De NRD-regeling is van toepassing voor binnen Nederland verrichte arbeid op maandag tot en met vrijdag vóór 07.00 uur en na 19.00 uur, alsmede voor arbeid op zaterdag en zondag en is van toepassing op de werknemer, werkend:
• op een vaste planning op regelmatige tijden op maandag tot en met vrijdag tussen 07.00 en 19.00 uur, ingedeeld in salarisklasse A t/m F voor de door hen op aanwijzing van de werkgever gewerkte uren buiten de regelmatige tijden op maandag tot en met vrijdag tussen 7.00 en 19.00 uur.
• op een vaste planning werkend van maandag tot en met zondag van 0.00 tot 24.00 uur, ingedeeld in de salarisklasse A t/m F voor de door hen op aanwijzing van de werkgever gewerkte uren buiten de tijden op maandag tot en met vrijdag tussen 7.00 en 19.00 uur.
• op een vaste planning werkend van maandag tot en met zondag van 0.00 tot 24.00 uur, ingedeeld in de salarisklassen G en H voor zover de op aanwijzing van de werkgever gewerkte uren buiten de tijden op maandag tot en met vrijdag tussen 7.00 en 19.00 uur meer dan 36 uur bedragen. In het geval van een deeltijd dienstverband of indeling in de loop van het jaar in een salarisschaal boven F geldt een evenredig deel van de bedoelde 36 uren per jaar.
• volgens dienstrooster op maandag tot en met zondag tussen 0.00 en 24.00 uur, ingedeeld in salarisklasse A t/m H voor de door hen op aanwijzing van de werkgever gewerkte uren buiten de tijden op maandag tot en met vrijdag tussen 7.00 en 19.00 uur.


De definitie van het begrip Dienstrooster (Bijlage 1, onder 2, sub 1 CAO) wordt gewijzigd als volgt:

“Dienstrooster”: Een variabel en wisselend dienstschema, afwijkend van regelmatige tijden, dat wil zeggen afwijkend van de tijdvakken 7.00 tot 19.00 uur op maandag tot en met vrijdag, dat tevoren met een regelmatige frequentie, tenminste drie keer per jaar verschijnt.

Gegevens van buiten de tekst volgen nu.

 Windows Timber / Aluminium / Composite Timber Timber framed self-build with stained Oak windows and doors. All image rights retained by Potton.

Het bestrijkt een tevoren bepaalde periode en wordt door de werkgever met behulp van planningstechnieken, samengesteld en schriftelijk en/of via internet en/of via e-mail vastgelegd. Het omvat de aanduiding van begin- en eindtijden van uit te voeren taken van individuele of groepen werknemers, waar nodig aangevuld met reis- en vertrektijden. Het wordt tijdig tevoren aan de werknemer verstrekt.

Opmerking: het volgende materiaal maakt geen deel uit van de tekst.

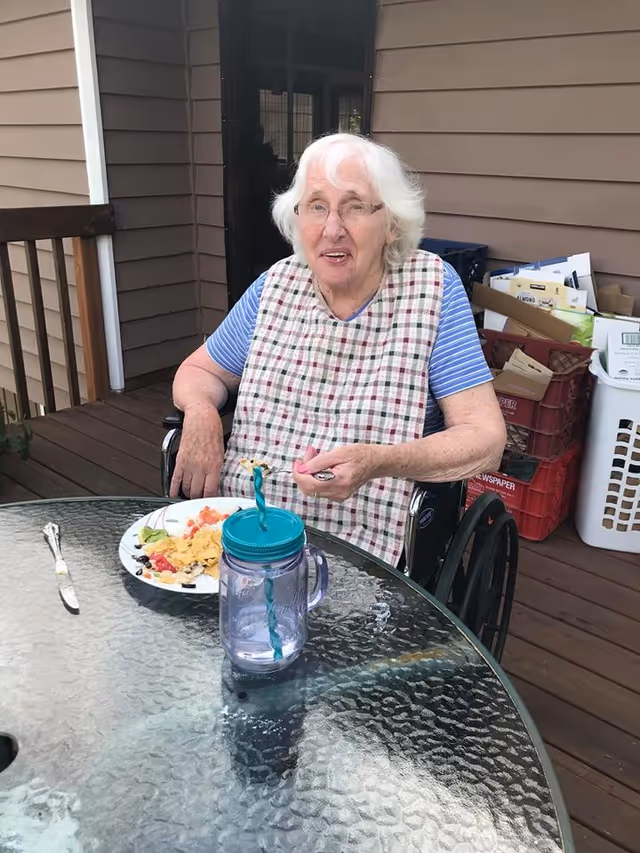 An elderly woman in a wheelchair sits at an outdoor glass table with a plate.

Cao-wijziging ten gevolge van uitspraak Vaste Commissie inzake beëindigingsvergoedingen Flexposities.

Artikel 6, vijfde lid CAO wordt aangevuld als volgt:

5. Beëindigingsvergoedingen Flexposities


Indien de werkgever de werknemer meedeelt (aanzegging), dat hij niet tot verlenging c.q. omzetting naar een arbeidsovereenkomst voor onbepaalde tijd wenst over te gaan,
én
tevens de totale som van de duur van de opeenvolgende arbeidsovereenkomsten meer dan achttien maanden bedraagt, ontvangt de werknemer een premie bij beëindiging van het dienstverband volgens onderstaande staffel:

Staffel:
Looptijd in maanden: vergoeding in maandsalaris:
>18 1
=24 1,5
=30 2
=36 2,5
=42 3
=48 3,5
=54 4
=60 4,5

De vergoeding is naar rato verschuldigd, indien en voor zover een lopende arbeidsovereenkomst voor bepaalde tijd voor minder dan de overeengekomen wekelijkse arbeidsduur wordt verlengd voor bepaalde tijd of wordt omgezet in een arbeidsovereenkomst voor onbepaalde tijd.
Arbeidsovereenkomsten die elkaar opvolgen met onderbrekingen korter dan drie maanden gelden als opeenvolgend met dien verstande dat deze onderbrekingen niet meetellen bij het bepalen van de totale som van de duur van de feitelijke arbeidsovereenkomsten.

Cao-wijziging ten gevolge van uitspraak Vaste Commissie inzake combifunctie

Bijlage 1- Definities wordt aangevold met een nieuw sub s. luidende als volgt:

s.”Combifunctie” een combinatie van functies, welke door één persoon wordt verricht op functieniveaus, welke in zwaarte in het functieraster al dan niet verschillend zijn ingedeeld, waarbij de aard van de werkzaamheden in de verschillende functies op een bijna vanzelfsprekende manier in elkaars verlengde ligt. Dit kan zich voordoen als de werkzaamheden door elkaar heen of logistiek volgorderlijk verricht kunnen worden, vaak op éénzelfde werkplek, vaak onder éénzelfde leidinggevende, en het te bereiken resultaat veelal betrekking heeft op het totaal van de werkzaamheden.